CISPG schools are currently implementing a new BC curriculum with a greater focus on understanding concepts and processes as well as personalized learning experiences that better reflect individual student strengths and challenges. Information about the new curriculum can be found on the BC Ministry of Education website.
Why is the Curriculum Changing?
We live in a constant state of change. As a result, the BC Ministry of Education has redesigned the curriculum to better engage students in their own learning and to foster the skills and competencies students will need to thrive in a complex, ever-changing global society. The new model must be one that is learner-centred and flexible and maintains a sound focus on literacy and numeracy while supporting deeper learning. The redesigned curriculum must also support the development of citizens who are proficient thinkers and communicators and personally and socially competent in all areas of their lives. The rationale for the redesign of BC curriculum can be further explored in BC’s Education Plan.

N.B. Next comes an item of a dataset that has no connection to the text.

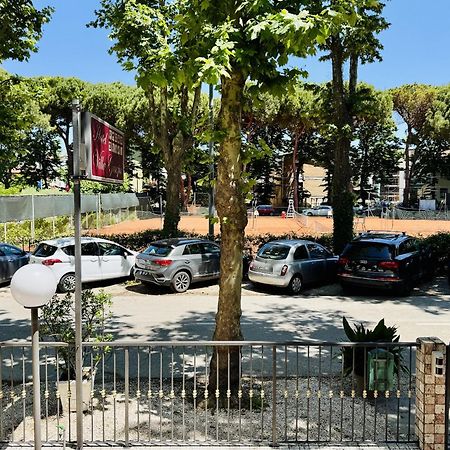 Hotel Villa Grazia Cesenatico Extérieur photo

Key Features of the Redesigned Curriculum:
- Core Competencies: Communication, Thinking, Personal and Social Competency
The Core Competencies are the intellectual, personal, and social skills that all students need to be successful. They are at the centre of the curriculum redesign in BC. Read about the Core Competencies, including profiles and illustrations.
- Curriculum Model: KDU
All areas of learning are based on a three-dimensional “Know-Do-Understand” Model that supports a concept-based competency-driven approach to learning. Three elements, the Content (Know), Curricular Competencies (Do), and Big Ideas (Understand) work together. This model is further described in the document Introduction to BC’s Curriculum Redesign.
- Changes to Assessment
The redesigned curriculum highlights the importance of formative assessment, a teaching practice that strengthens student ownership of learning and includes: clarifying and sharing learning targets and criteria; providing feedback to students in a timely manner; strategic use of questioning; and using students as learning/teaching resources for one another. Read more about BC’s K-12 Assessment System.
- Changes to Reporting
The new curriculum also supports a shift from the reporting of student progress at various “fixed” intervals to “communicating student learning” on an ongoing basis using authentic assessment practice. Your Kids Progress describes the public’s view of the current state of reporting in BC. A final draft of BC Ministry expectations regarding reporting should be completed by the end of the 2017-2018 school year.
- Increased Focus on Aboriginal Perspectives and Content
The curriculum redesign incorporates Aboriginal voice and perspective and ensures that Aboriginal understandings are part of the learning journey for every student. Aboriginal perspectives are now clearly embedded in all strands of the BC curriculum in authentic and meaningful ways. An important aspect of Aboriginal worldviews is place-based learning where teachers are encouraged to teach in ways that respect the uniqueness of students’ “place” and occur both within the school and the wider community. The First Peoples Principles of Learning generally reflect First Nations pedagogy.